TÜRKÇE’DE JANE AUSTEN
Onlarca çeviri sayısız baskı
Jane Austen’ın eserleri Türkçe’de sayısız defalar ve farklı çevirilerle yayınlandı. 1960’larda başlayan bu yayınlar günümüze kadar sürdü. Altın Kitaplar, 1968’de Nihal Yeğinobalı’nın çevirisiyle Aşk ve Gurur adı altında Pride and Prejudice’i yayınladı. 2006’da romancı Hamdi Koç’un yaptığı yeni çeviri ise Gurur ve Önyargı adını taşıyordu. Nihal Yeğinobalı Mansfield Park’ı Umut Parkı, Sense and Sensibility’yi Kül ve Ateş adıyla çevirdi. Sonraki yayınların bazılarında romanların adı Mansfield Parkı veya Akıl ve Tutku veya Aşk ve Mantık olarak değiştirildi. Emma’nın çevirmeni de yine Nihal Yeğinobalı’ydı. Northanger Manastırı, Hamdi Koç tarafından çevrildi. Sevim Anlı Persuasion’ı İnanç olarak Türkçe’ye aktarırken; Meryem Kutlu Yıldız Lady Susan’ı, Rana Tekcan ise Gençlik Eserleri adı altında yazarın diğer yazılarını Türkçe’ye çevirdi.
AŞK VE GURUR
Türkiye’de bile TV dizisi oldu

Sadece Pride and Prejudice’i (Gurur ve Önyargı veya ilk çevirinin adıyla Aşk ve Gurur) ele alsak bile, Jane Austen’ın yarattığı endüstrinin boyutlarını görebiliriz. Bu romandan 1938, 1940 ve 2005’de birer sinema filmi yapıldı. Roman 1952, 1957 (İtalya’da), 1958, 1961 (Hollanda’da), 1967, 1980 ve 1995’te televizyon filmlerine uyarlandı.

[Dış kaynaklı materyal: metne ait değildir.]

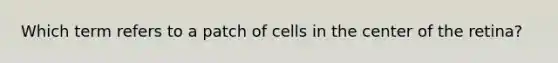 Which term refers to a patch of cells in the center of the retina?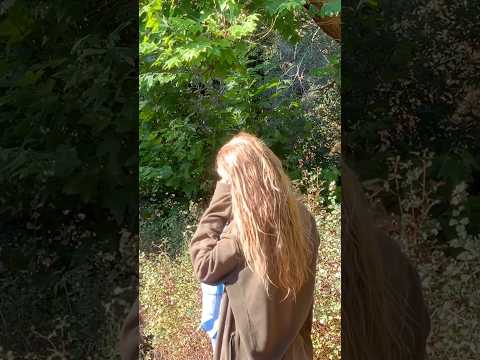 Farm food #farming #ForYou #TrendingNow #InstaReels #ViralVideo #DailyShorts #Entertainment #FYP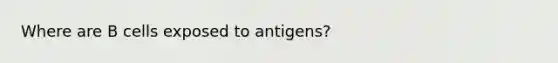 Where are B cells exposed to antigens?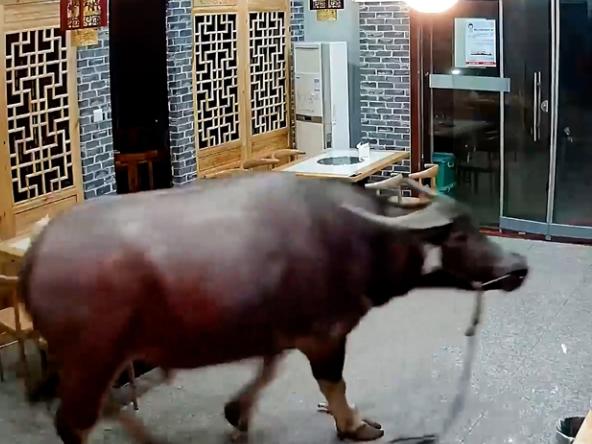 Bull in China shop. Picture: ViralPress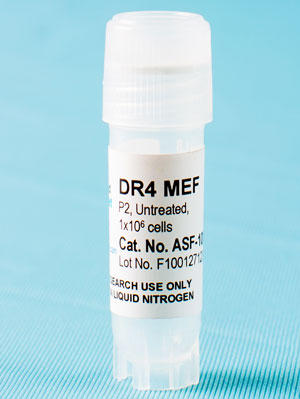 DR4 MEF Feeder Cells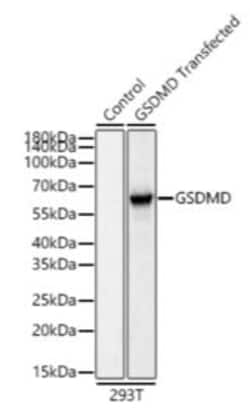 Invitrogen GSDMD Polyclonal Antibody 100 &mu;L; Unconjugated:Antibodies,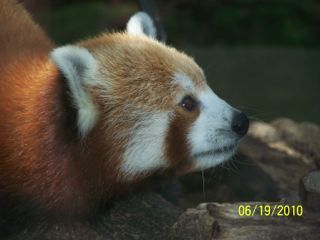 RolandKausen's profile picture. peripathetic mediomesomisanthropomorph; cereal monogamystic; quasimodoneoantidisestablishmentarianist; monoclonal antibody; feral colonist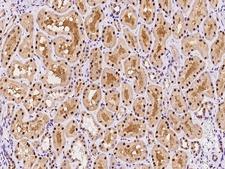 RMND5B Antibody - Immunochemical staining of human RMND5B in human kidney with rabbit polyclonal antibody at 1:200 dilution, formalin-fixed paraffin embedded sections.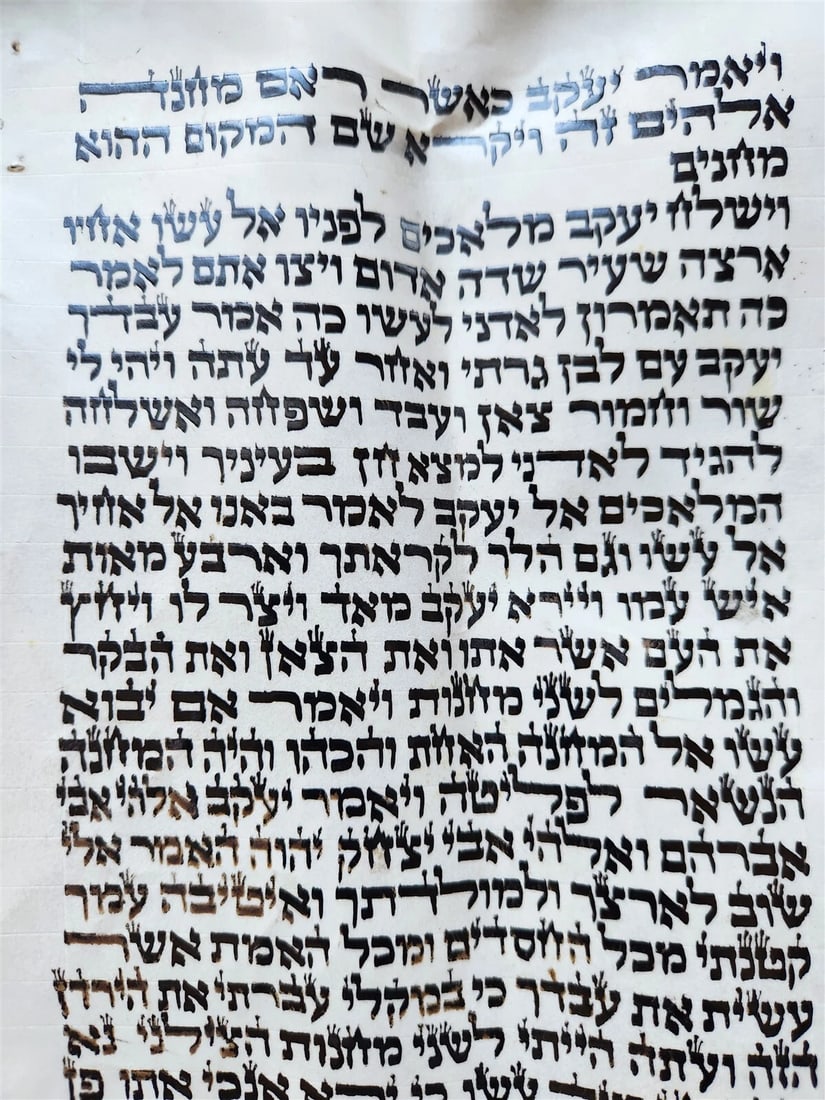 TORAH SCROLL FRAGMENT MANUSCRIPT on VELLUM antique BIBLE GENESIS 31:2-32:28 - 2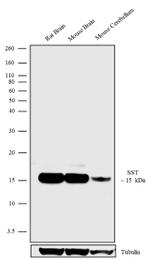 Somatostatin Antibody in Western Blot (WB)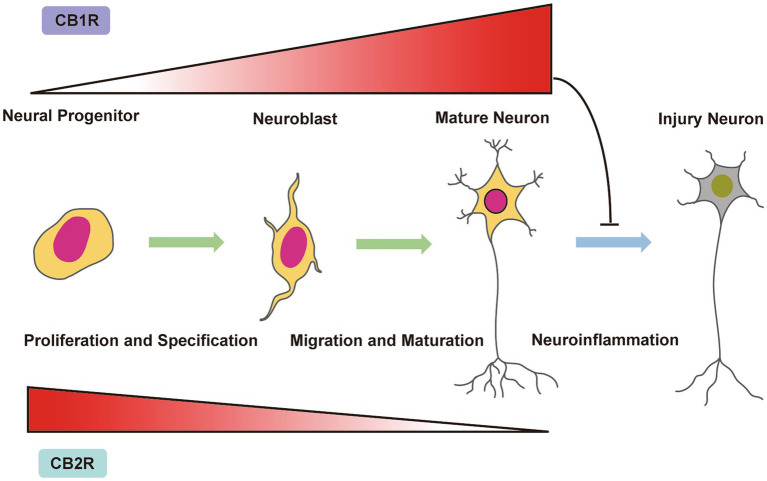 Endocannabinoid system control of neurogenesis and neural cell fate in the immature brain. CB1 receptor expression is present in neural progenitors (NPs) and increases during neuronal proliferation, differentiation and maturation. In contrast, the CB2 receptor is present in NPs and is downregulated upon neuronal proliferation, differentiation and maturation. During neuronal development, CB1 and CB2 receptors control NP proliferation, neuroblast migration and neuron maturation. Under neuroinflammatory conditions, activation of CB1 receptors has been shown to restore adult neurogenesis and decrease the number of injured neurons.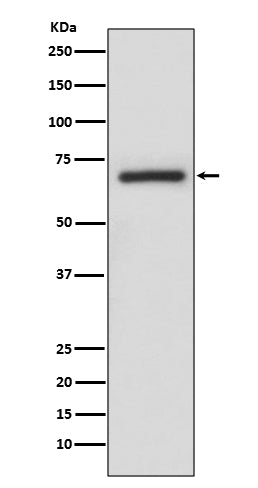 ARAF Rabbit Polyclonal Antibody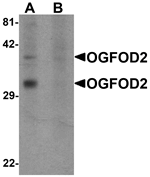 Anti-OGFOD2 Antibody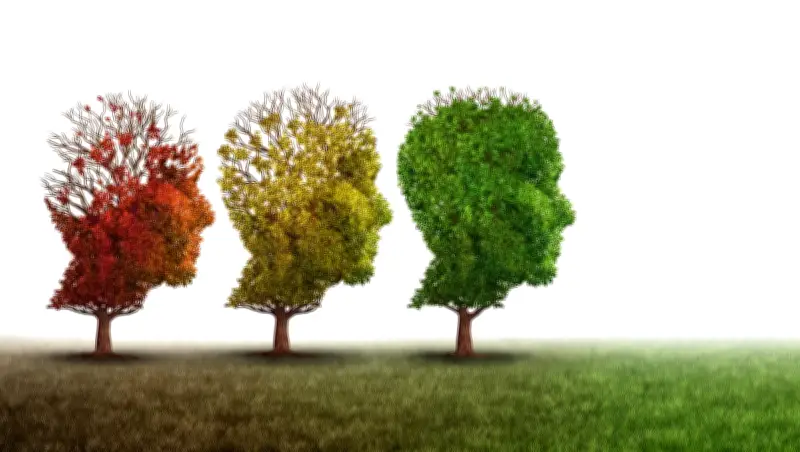 Dementia Patients Overlooked: Letters on Fighting Stereotypes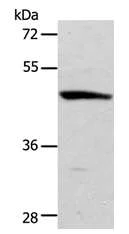 Western blot - Anti-ACTR3B antibody (AB197812)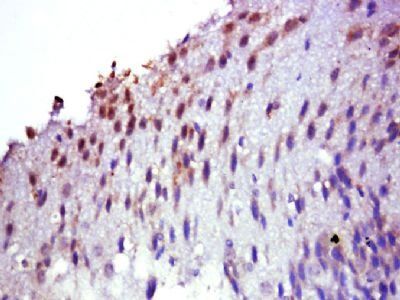 Selenoprotein M Rabbit Polyclonal Antibody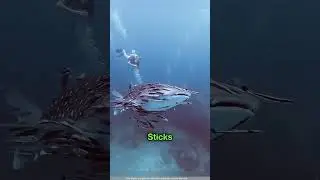 This Fish Is Going Viral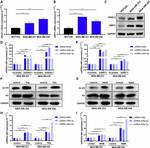 SIRT1 Antibody in Western Blot (WB)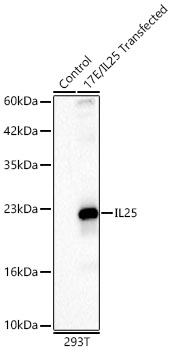 IL25 Polyclonal Antibody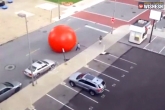 big ball on road, viral videos, watch 113 kg ball rolls on the road, 90 the road t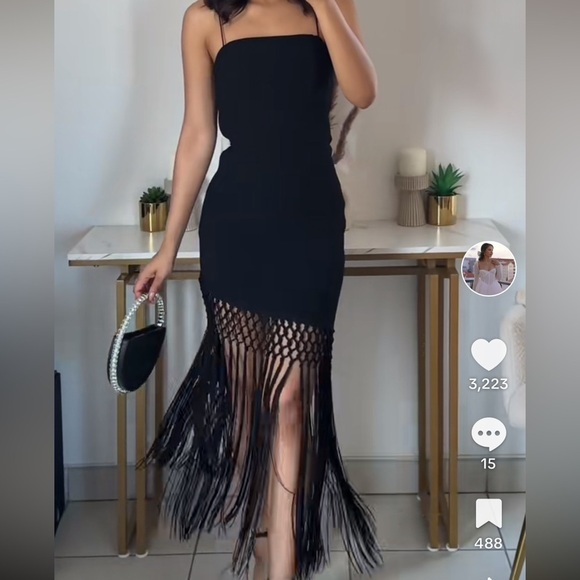 NWT ZARA VIRAL 2025 COLLECTION FRINGED DRESS SIZE M
🚨FIRM PRICE NO DISCOUNT - Picture 4 of 14
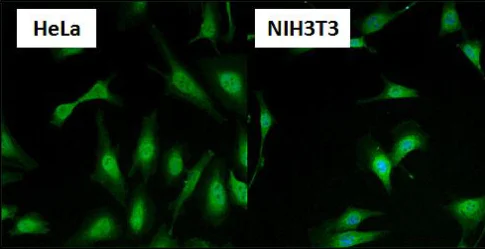 Immunocytochemistry/ Immunofluorescence - Anti-HSF1 antibody (AB2923)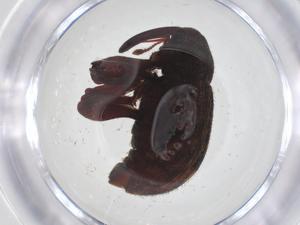  ( - CBG-A59732-G11)  @11 [ ] CreativeCommons - Attribution Share - Alike (2024) Centre for Biodiversity Genomics Centre for Biodiversity Genomics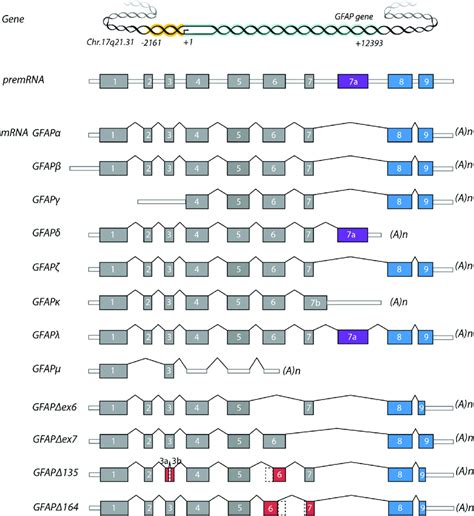 ogfap app Earlier, we have reported on the expression of two frameshifted proteins in AD neurons, that is, APP +1 and UBB +1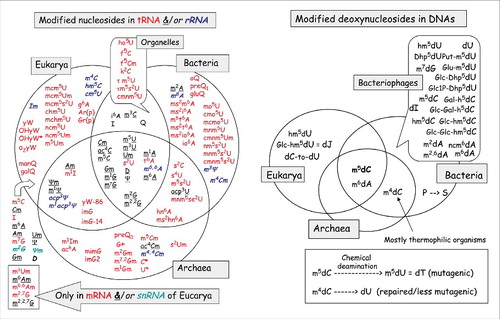 Figure 1. RNA Modifications Unique and Common to the Three Orders of Life. The Venn diagram shows the known modifications of ribonucleotides (indicated by standard abbreviations) found in naturally occurring RNAs in Archea, Bacteria and Eukarya. Nucleotide modifications common to 2 or all orders of life are indicated in the overlapping areas. Abbreviations for the modification are provide in.Citation4 Figure modified from Figs. 4 and 6 in reference 4 (Landes BioSciences).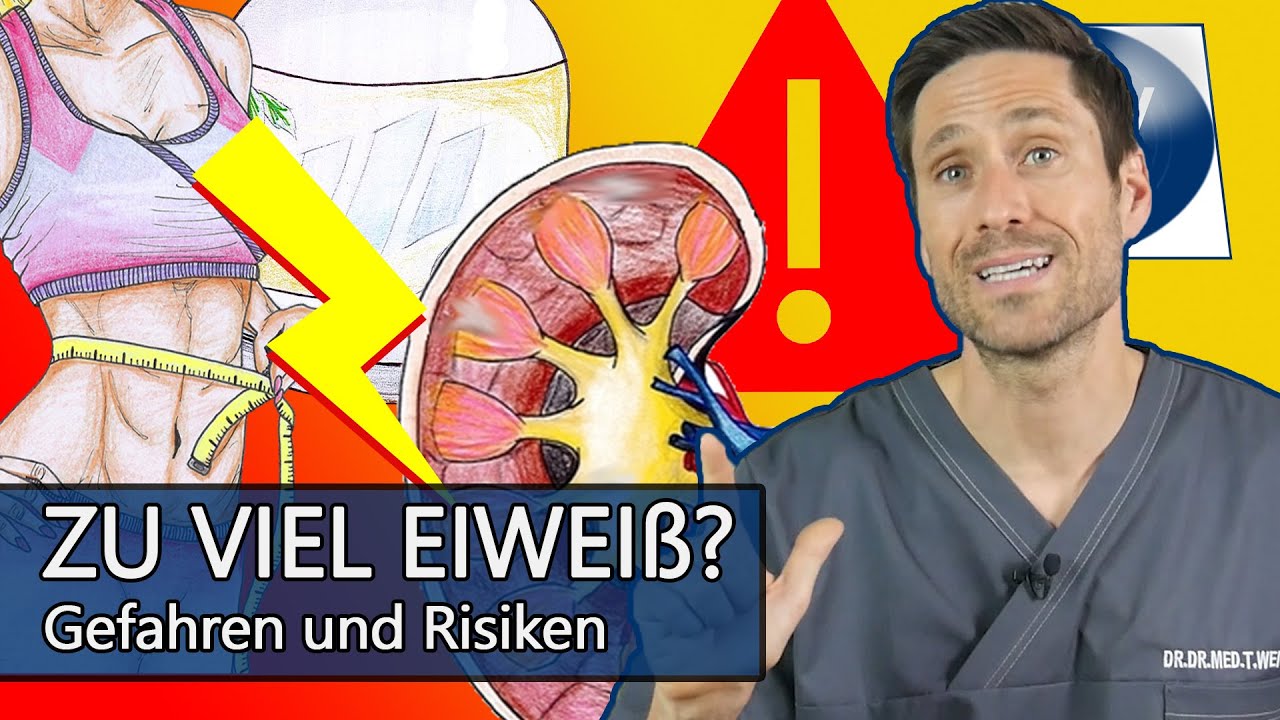 Zu viel Eiweiß: Aufgepasst! Wenn Proteinshakes & zu eiweißreiche Ernährung mehr schaden als nutzen!
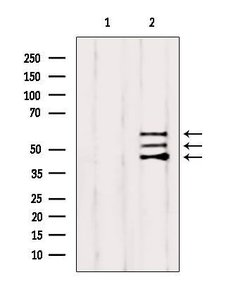 Invitrogen SHC Polyclonal Antibody 100 &mu;L; Unconjugated:Antibodies,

Tabii bir de “gevşek uyarlamalar” var; 2004’te romanın kahramanı bir Hintli oldu ve “Bride and Prejudice” (Gelin ve Önyargı) adlı Hint-Amerikan filmi çekildi. Gazeteci Helen Fielding’in Bridget Jones adlı roman dizisi ve bundan yapılan filmler, açıktan açığa Pride and Prejudice’den esinlenmişti. 2009’da Aşk ve Gurur ve Zombiler adlı roman ve bundan yapılan film, ünlü hikayeyi zombiler arasına taşıdı. Roman elbette bir Marvel çizgi filmi de oldu. Youtube’da yayınlanan vloglar şeklindeki, Emmy ödüllü “Lizzie Bennet Diaries”, romanın günümüz hayatına ve teknolojisine uyarlanmış şekliydi. Ayrıca pek çok “devam romanı” yazıldığı gibi, İngiliz ve Amerikan popüler edebiyatında “Regency novels” (Niyabet Dönemi romanları) adı verilen, İngiltere’de 1811-1820 döneminde geçen bir aşk romanı akımını doğurdu. Son örnek Türkiye’den: Bu yıl Show TV’de gösterilen “Aşk ve Gurur” dizisi, romanı bugünün Türkiye’sine taşıyor.